■ To do ■
For the material below, return exactly the lines starting at the one holding "profile photo Humanist" and ending at the one holding "Buy your photos", counting both as part of the range.

■ Input data ■
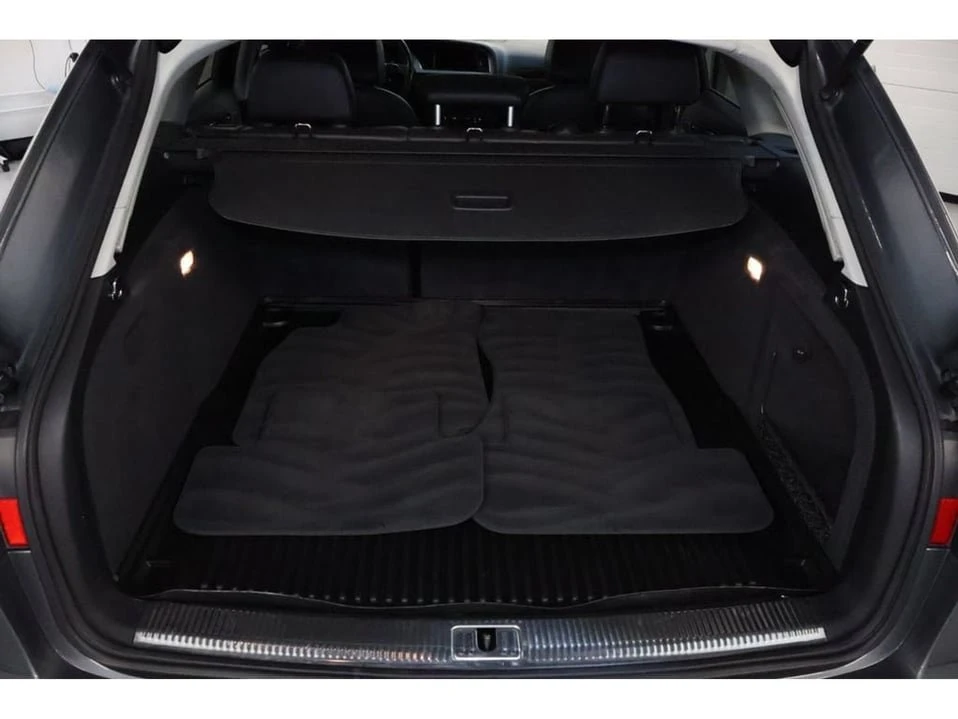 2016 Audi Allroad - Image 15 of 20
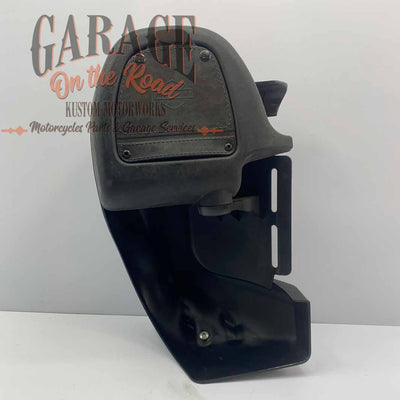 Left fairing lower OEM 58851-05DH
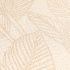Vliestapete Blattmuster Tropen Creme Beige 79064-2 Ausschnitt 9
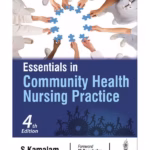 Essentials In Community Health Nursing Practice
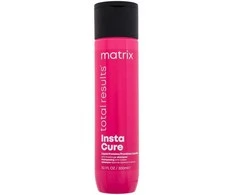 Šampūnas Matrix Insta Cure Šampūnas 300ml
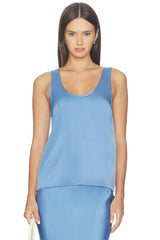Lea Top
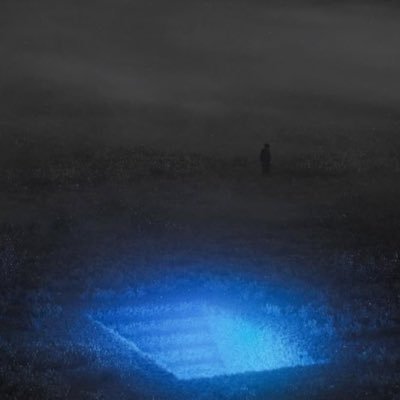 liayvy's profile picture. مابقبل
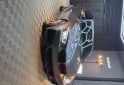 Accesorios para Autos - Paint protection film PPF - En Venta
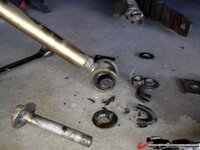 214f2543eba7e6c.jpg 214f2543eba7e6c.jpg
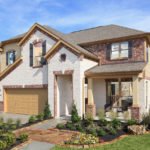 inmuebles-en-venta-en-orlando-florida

---

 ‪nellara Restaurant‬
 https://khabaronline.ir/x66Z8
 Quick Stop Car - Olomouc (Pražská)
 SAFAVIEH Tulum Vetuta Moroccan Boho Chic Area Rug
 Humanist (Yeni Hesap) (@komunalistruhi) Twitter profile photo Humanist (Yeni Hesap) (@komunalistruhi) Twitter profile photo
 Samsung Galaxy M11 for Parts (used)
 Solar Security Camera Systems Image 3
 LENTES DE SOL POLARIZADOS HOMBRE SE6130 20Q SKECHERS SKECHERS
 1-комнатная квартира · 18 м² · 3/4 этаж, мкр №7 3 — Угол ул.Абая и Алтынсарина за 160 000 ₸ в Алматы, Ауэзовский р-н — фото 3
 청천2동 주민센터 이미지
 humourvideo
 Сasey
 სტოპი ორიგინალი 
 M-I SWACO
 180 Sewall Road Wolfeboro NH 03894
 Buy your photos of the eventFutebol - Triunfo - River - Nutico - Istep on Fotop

■ Task result ■
 Humanist (Yeni Hesap) (@komunalistruhi) Twitter profile photo Humanist (Yeni Hesap) (@komunalistruhi) Twitter profile photo
 Samsung Galaxy M11 for Parts (used)
 Solar Security Camera Systems Image 3
 LENTES DE SOL POLARIZADOS HOMBRE SE6130 20Q SKECHERS SKECHERS
 1-комнатная квартира · 18 м² · 3/4 этаж, мкр №7 3 — Угол ул.Абая и Алтынсарина за 160 000 ₸ в Алматы, Ауэзовский р-н — фото 3
 청천2동 주민센터 이미지
 humourvideo
 Сasey
 სტოპი ორიგინალი 
 M-I SWACO
 180 Sewall Road Wolfeboro NH 03894
 Buy your photos of the eventFutebol - Triunfo - River - Nutico - Istep on Fotop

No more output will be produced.